Il Tempio Malatestiano di Rimini

La Cattedrale di santa Colomba, Templum Mirabile della Signoria di Sigismondo Pandolfo Malatesta

L'antica chiesa di san Francesco è stata adibita a Cattedrale della città di Rimini, assumendo il nome di santa Colomba, dopo che l’antico edificio che assolveva a questo compito venne distrutto nel 1809.

Edificata nel IX secolo, rimaneggiata in forme gotiche nel XIII e nel XIV secolo, la chiesa divenne l’edificio simbolo del potere temporale del signore di Rimini Sigismondo Pandolfo Malatesta (1417-1468): uomo colto e gran mecenate, Sigismondo affidò a Leon Battista Alberti (1404-1472) la sua ri-progettazione. «Trucca un vecchio scheletro gotico […] e costruisce un episodio che va per sé», disse Bruno Zevi; l’Alberti prende elementi della classicità romana  importanti per lui furono gli studi che fece nella capitale papale sugli edifici antichi  e configura un involucro che può essere considerato il primo edificio religioso pienamente rinascimentale, sotto la cui pelle con-vive la costruzione gotica, ben visibile lungo i fianchi esterni e all’interno con i suoi archi ogivali. In facciata è presente la data simbolo del 1450 ma sappiamo che i lavori si protrassero anche dopo quell’anno: Sigismondo voleva che l’edificio fosse un luogo dedicato alle memorie dei Malatesta, passati, presenti e futuri, una tomba monumentale pensata per sé e per i discendenti. Nel 1449 lavoravano alla mirabile macchina il riminese Agostino di Duccio, scultore, Matteo de’ Pasti, architetto, scultore e medaglista e dal 1451 anche Piero della Francesca, pittore. 


La stessa Rimini fu lo spunto progettuale non indifferente: in città sono presenti due monumenti romani ben conservatisi, l’arco d’Augusto e il ponte di Tiberio, entrambi del I sec. d.C.; l’arco, inquadrato dall’ordine composto da due alte semicolonne corinzie e un’unico fornice, e il ponte scansito da cinque arcate vennero fusi in perfetta armonia, delimitando la volumetria esterna in un gioco di accentuati chiaro-scuri.

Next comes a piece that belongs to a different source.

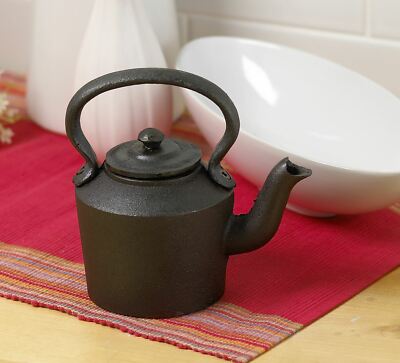 Großer rustikaler Wasserkocher aus Gusseisen (dekorative Zwecke)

L’edificio rimase incompleto a causa delle sfortune politiche ed economiche della Signoria e questo lo si vede nitidamente in facciata, dove il coronamento superiore, un arco circondato da un festone con decorazioni fitomorfiche e putti, è incompiuto. Siamo a conoscenza del progetto originario grazie a una medaglia bronzea del 1453-55 di Matteo de’ Pasti, conservata nel Museo della città di Rimini: sul verso vediamo il prospetto del Tempio e scorgiamo nitidamente il coronamento del fronte e la cupola che era stata pensata per la zona absidale. Interessanti le ipotesi ricostruttive della zona absidale di Carlo Ludovico Ragghianti e di Franco Borsi: il primo ipotizza una vera e propria tholos che fa pensare immediatamente al Pantheon di Roma, il secondo pensa a uno transetto al cui incrocio con la navata centrale si erga, imponente, la cupola; questa seconda ipotesi sembrerebbe avvalorata da alcune fondazioni scoperte durante gli scavi compiuti nel 1926-27.



L’interno è definito da un unico vano affiancato da cinque cappelle per parte, caratterizzato da un primo ordine inferiore sopra al quale si imposta un attico con paraste bidimensionali, la cui cornice va a inquadrare la chiave di volta degli archi gotici delle cappelle laterali. Il sarcofago di Sigismondo è disposto in controfacciata, mentre quello della sua terza e ultima consorte, Isotta degli Atti, trova collocazione nella cappella di s. Michele, terza di destra, sorretto da due elefanti.